◆ **ACTIVITY**
Please print exactly the lines from the one containing "Toyota Matrix, Voitures, Conakry" through the last line of the records, and only those. Leave out any pictures.

◆ **MATERIAL TO PROCESS**

Content starts

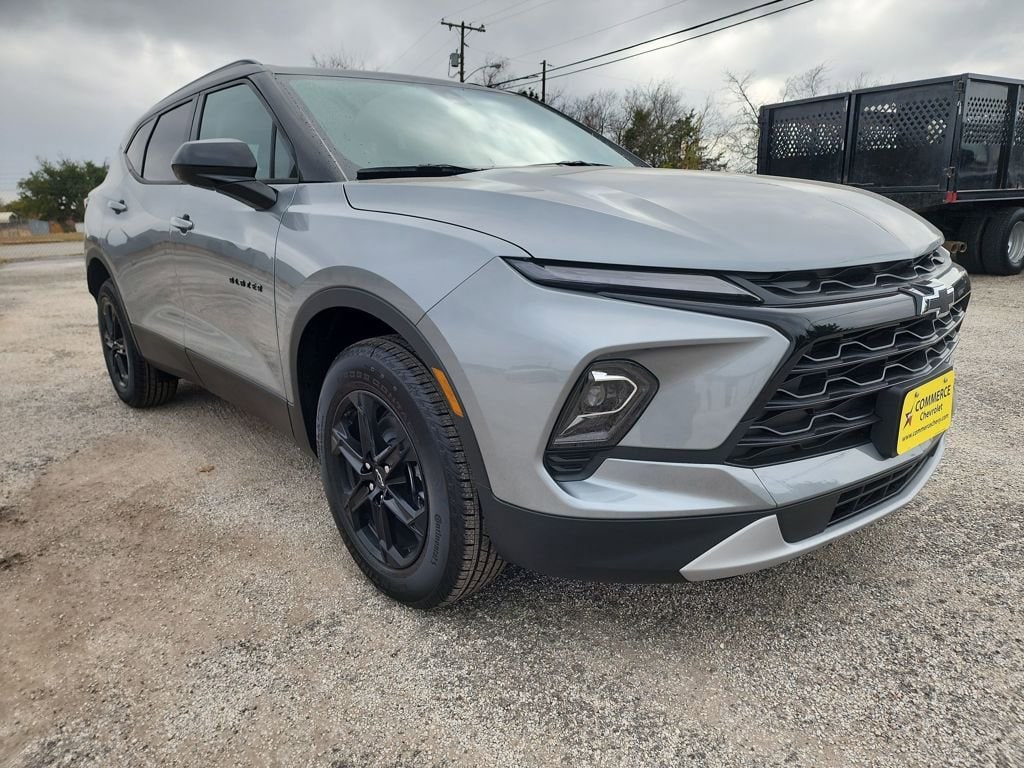 2026 Chevrolet Blazer 2LT's photo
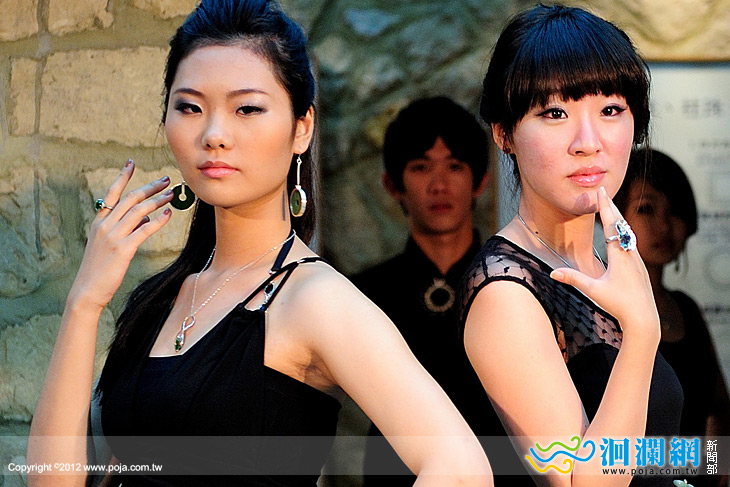 金石為開—金工創飾作品展 開幕記者會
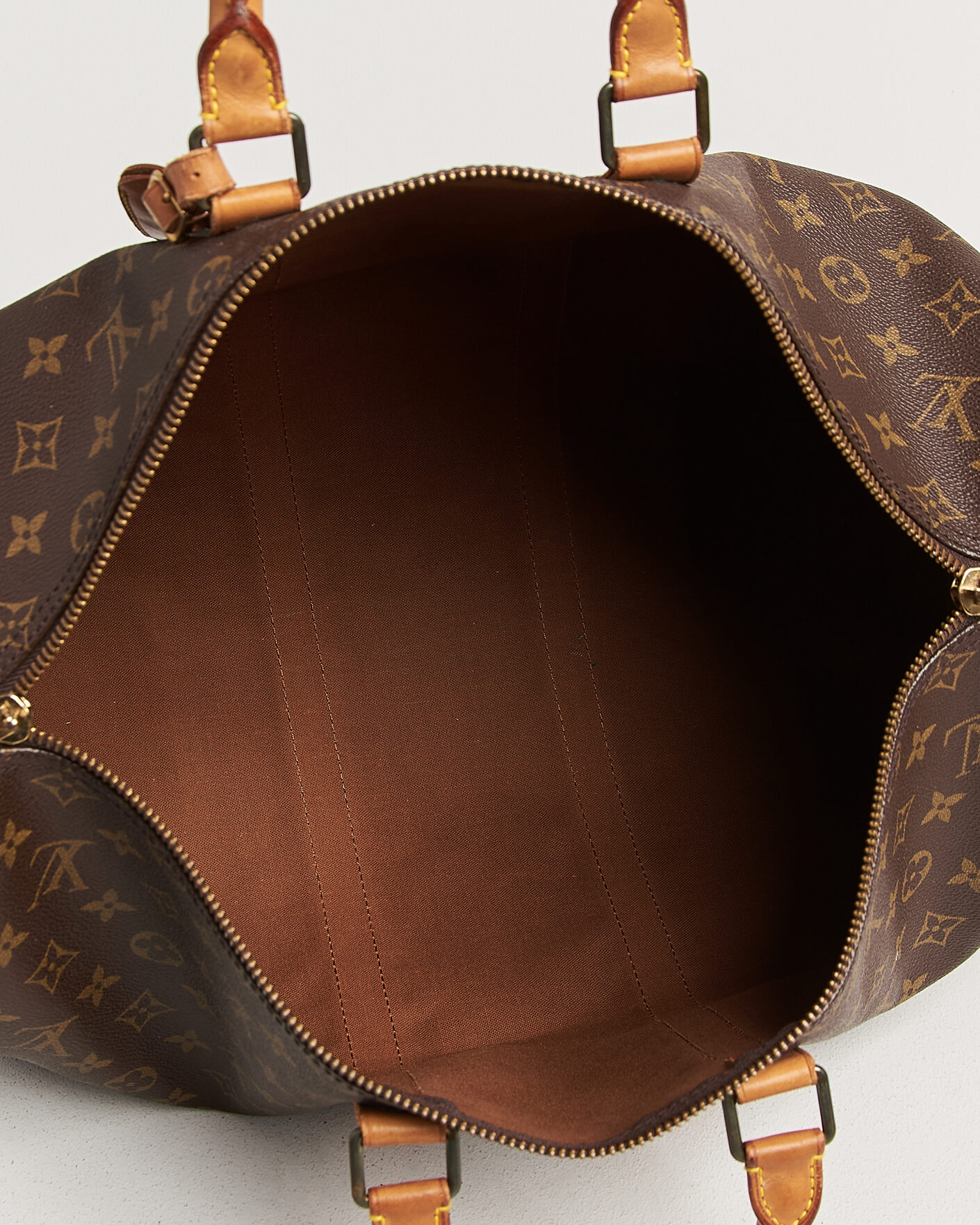 Homme | Pre-Owned & Vintage Bags | Louis Vuitton Pre-Owned | Keepall 45 Bandouliére Monogram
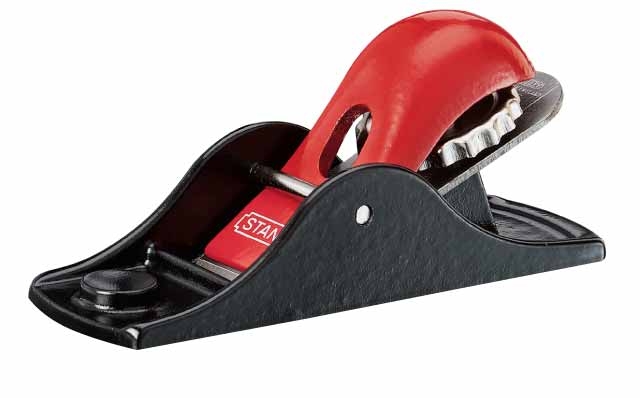 Stanley 1-12-102 Cepilladora de bloques 102 140mm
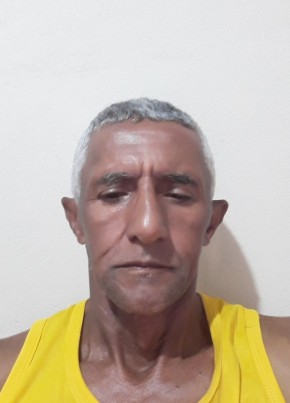 João Carlos, 60, República Federativa do Brasil, Lajinha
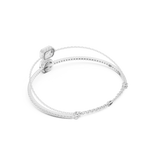 Gold Bracelet SBWB (25), White Gold, view 2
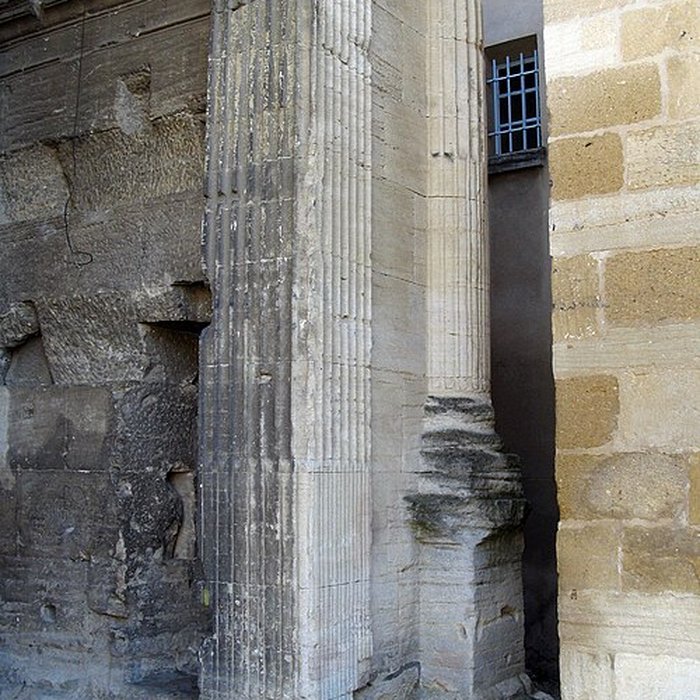 Photo de Arc romain de Carpentras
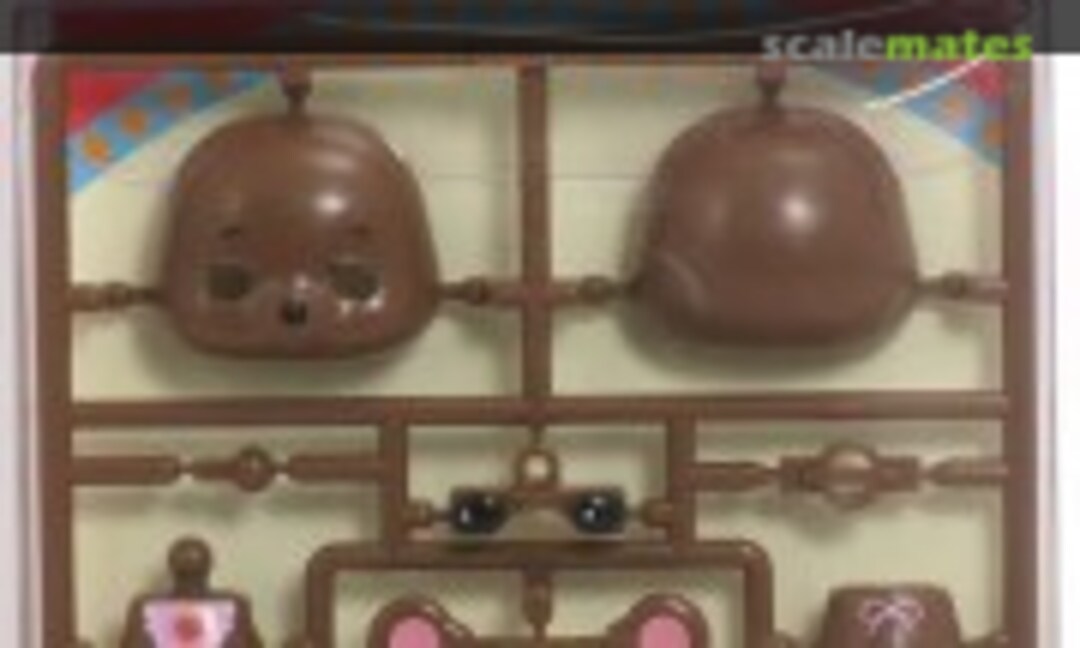 No Mitten-chan Bear (Strawberry) (M.I.C. )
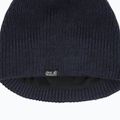 Зимна шапка Jack Wolfskin Feldberg Beanie black 3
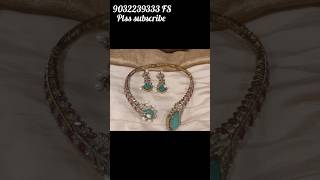 One gram gold jewellery collection #trending jewellery designs #virsl#yt shorts#JH Fashion Jewellery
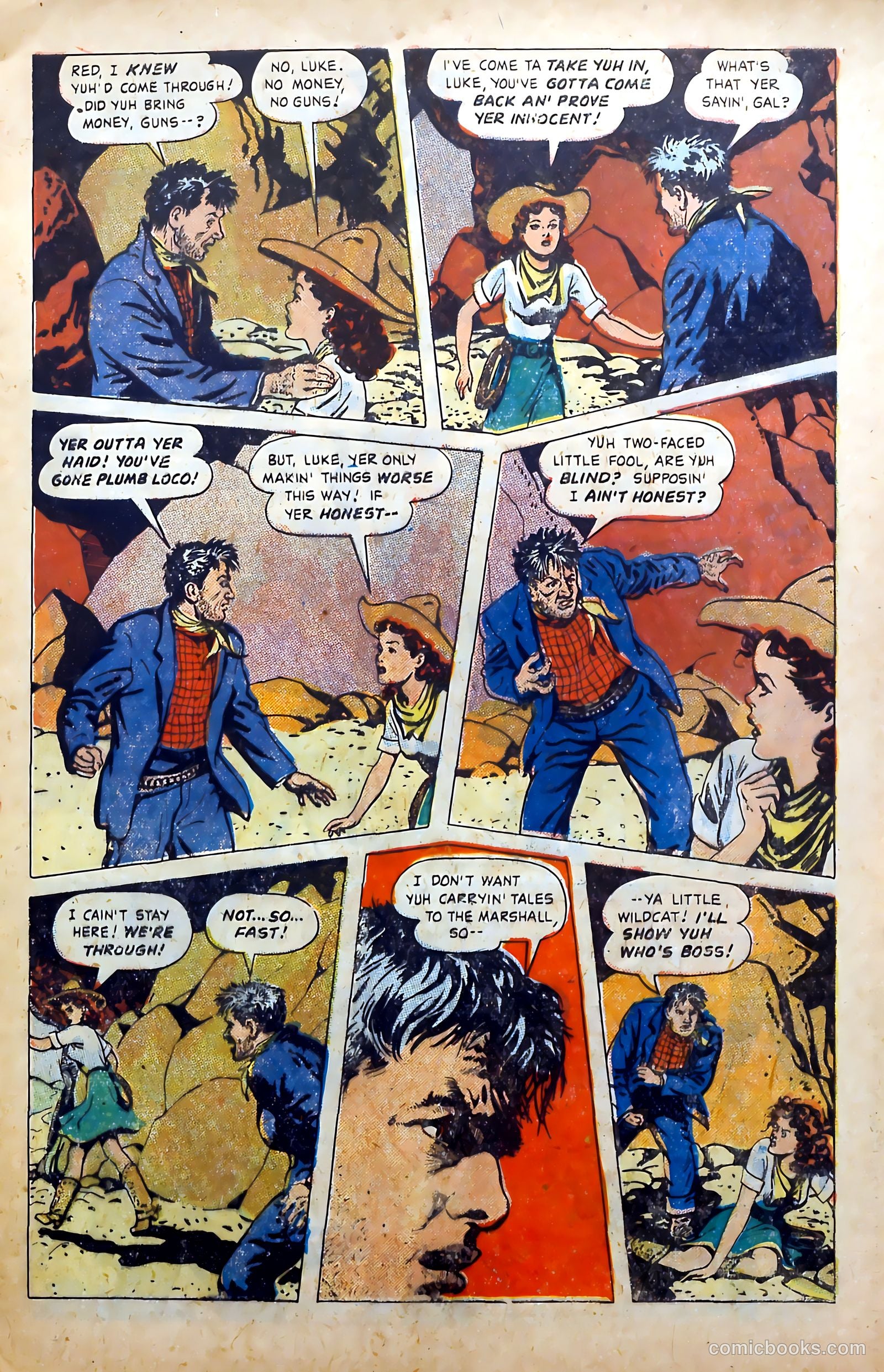 Roundup #2 (1948) — page 7 of 52
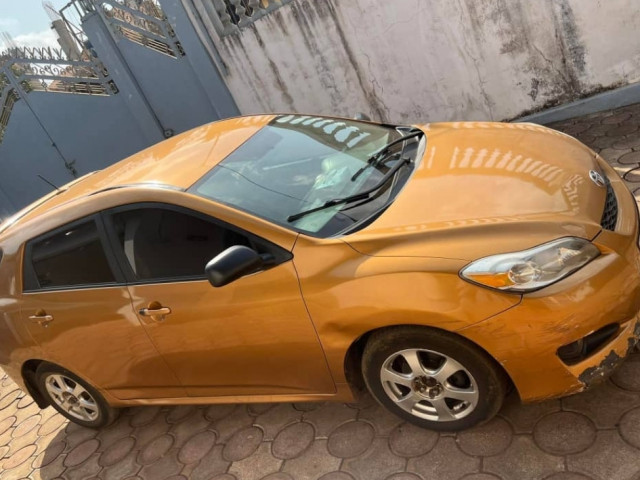 Toyota Matrix, Voitures, Conakry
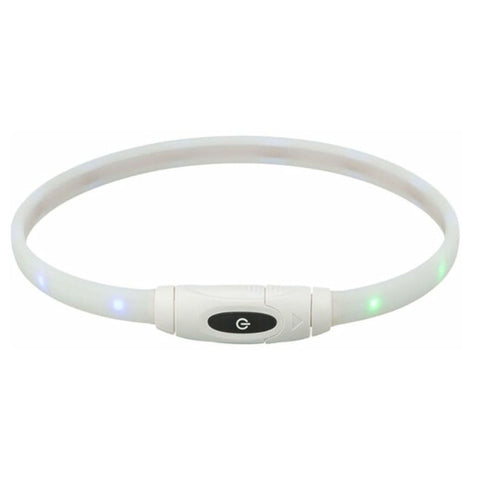 Trixie Collar de Aro Flash Multicolor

Content ends

◆ **EXERCISE SOLUTION**
 Toyota Matrix, Voitures, Conakry
 Trixie Collar de Aro Flash Multicolor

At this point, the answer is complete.